Smuggler Belts are dope (no pun intended) because you can walk around with that eighth on you, and still get a fit off with no one being any the wiser. Imagine rocking it out to the bars one night and someone being like, “Man, I wish I had a joint right now” and you snatch your belt off like Pootie Tang and pull a joint out of the back stitching.
Stash pockets are the wave. You can grab a stash-pocket hat or a stash-pocket hoodie, but these stash-pocket underwear are the future. If you think I’m not copping these for Coachella 2018 then you are sadly mistaken. Only way someone’s catching you with these is if they walk up and grab your crotch, but then you get to claim that’s all you (and not a sack of cannabis), so it’s a win-win.
Oh, you thought this list was gonna be all about men-type stuff? Nah, son. Ladies is pimps too. This lipstick pipe is perfect for the on-the-go woman who wants to keep her cannabis on deck, but not have it be obvious. Or for the on-the-go man who likes to feel pretty and witty and gay. Ya boy is very gender-fluid over here.
I REPEAT: LADIES IS PIMPS TOO. We all know how weird dude-bros get at the sight of tampons, so if a woman wants to hide her goods, these are perfect. Twist your joints, throw ‘em in these, and continue to outsmart us one time-of-the-month at a time.
Listed it on my recent broiest items list too, but it’s also very applicable to this one. The Pitch-N-Puff hollow golf ball and tee one-hitter combo is one of the smoothest and sneakiest way to hide your cannabis in plain sight. Literally not a single person would take a second look at either item (unless they were closely examining them like a super-narc) and think, “Oh yeah, there’s a gram of Blue Dream in there.”
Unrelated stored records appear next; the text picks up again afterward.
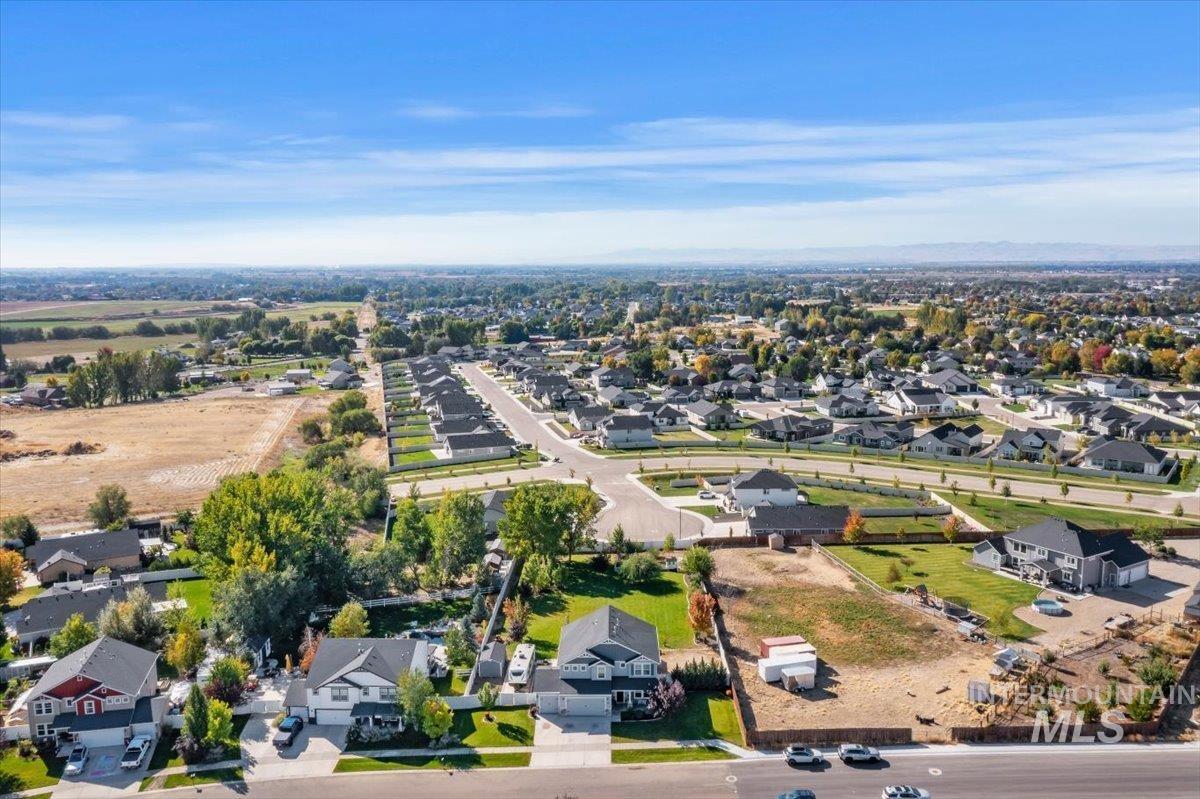 291 Explorer St, Middleton, Idaho 83644, 4 Bedrooms, 2.5 Bathrooms, Residential For Sale, Price $715,000,MLS 99004111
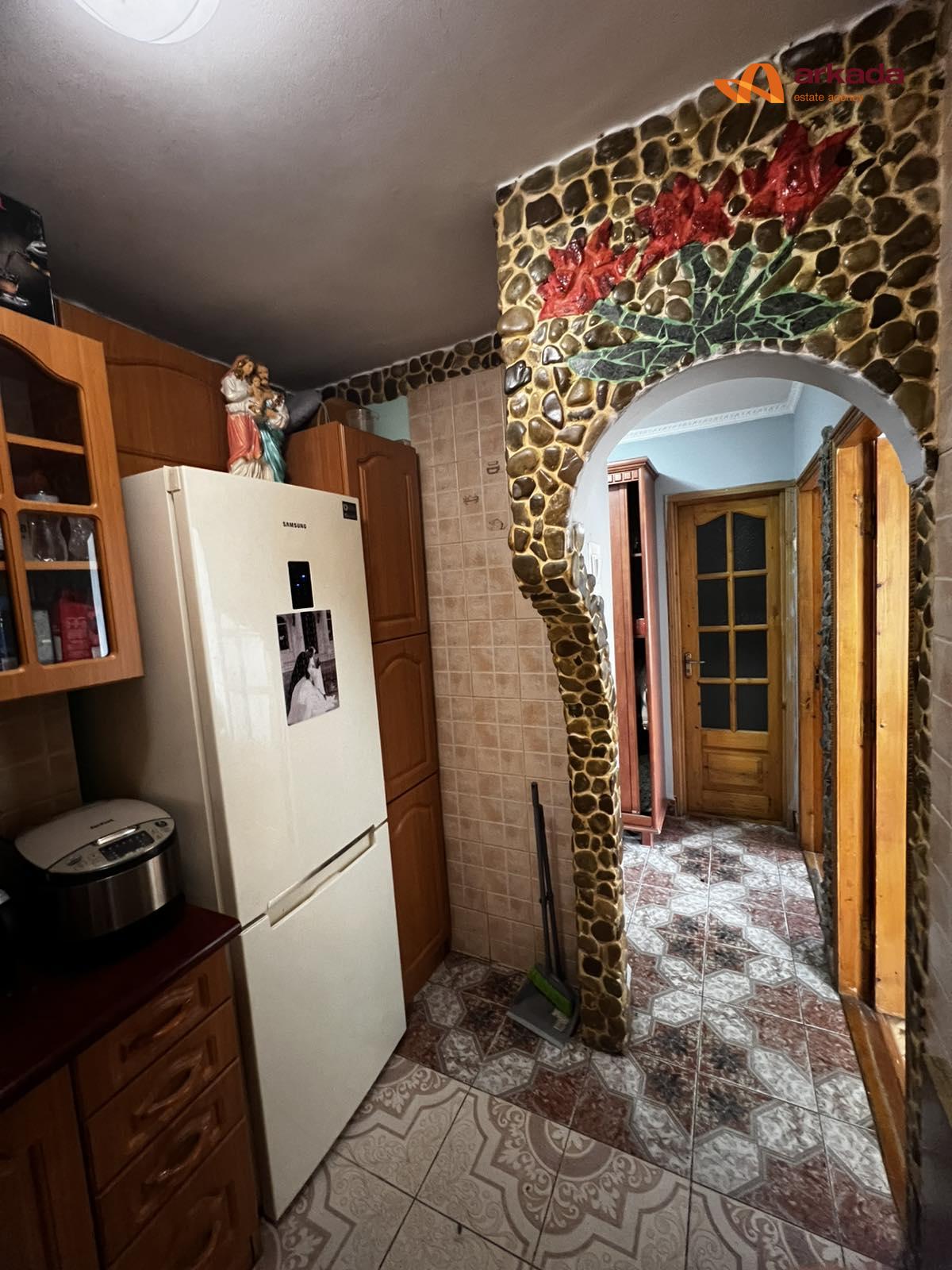 Продається 2-кімнатна квартира, вул. Хоткевича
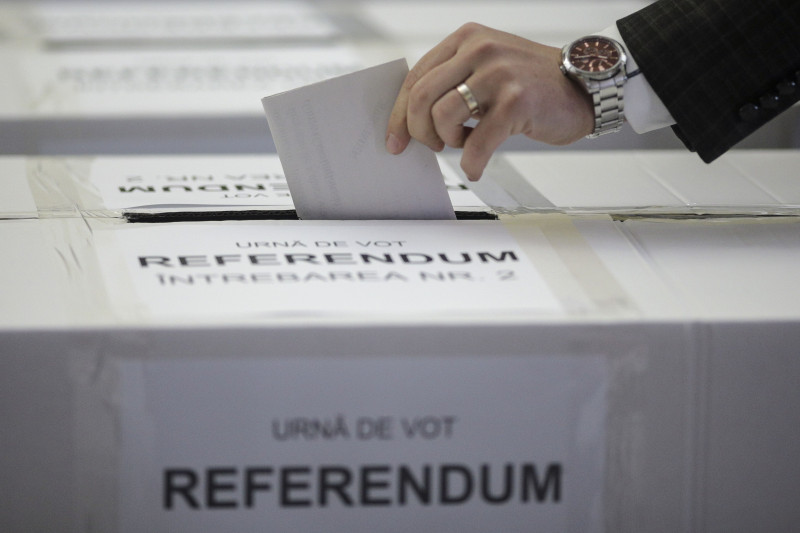 vot in urna referendum justitie - inquam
The one-hitter, especially when complete with a dugout, is one of the most common, yet still most stealthy ways to hit a little smokey-smoke on the go. Pull out, light it up like a cig, then put it right back in your pocket before anyone notices.
Books with hollow centers are a must-have if you’re talking about hiding your cannabis in plain sight. And though you can pick any ol’ book to do so, Bibles are perfect because people don’t ever really open those. No offense. I’ve seen Bibles collect so much dust on so many tabletops, so you’re good.
These come in multiple forms as far as cans, bottles, and so on. The point for all of them is the same: a hollowed-out soda container is something no one will think twice about. Toss a bag of that green goodness in the middle, sit in on the coffee table, and then smile to yourself about the fact that people have no clue that you’re loaded up and ready to smoke at any moment. For added safety, find one of a soda that no one ever drinks. You know, like Mountain Dew.
Rolling papers that look like cigarettes. Enough said.
And for the best item on this list, we’ve got the EZPipe. Basically, it’s a dugout with a built-in pipe, complete with a lighter holder that puts the flame right at the top of the dugout. That make sense? If not, just know that with this, you can flip out a little pipe, light your lighter, and get a nice hitski before sliding it right back into your pocket. Hit one of these, exhale, then smirk to yourself as people try to figure out where the smell is coming from.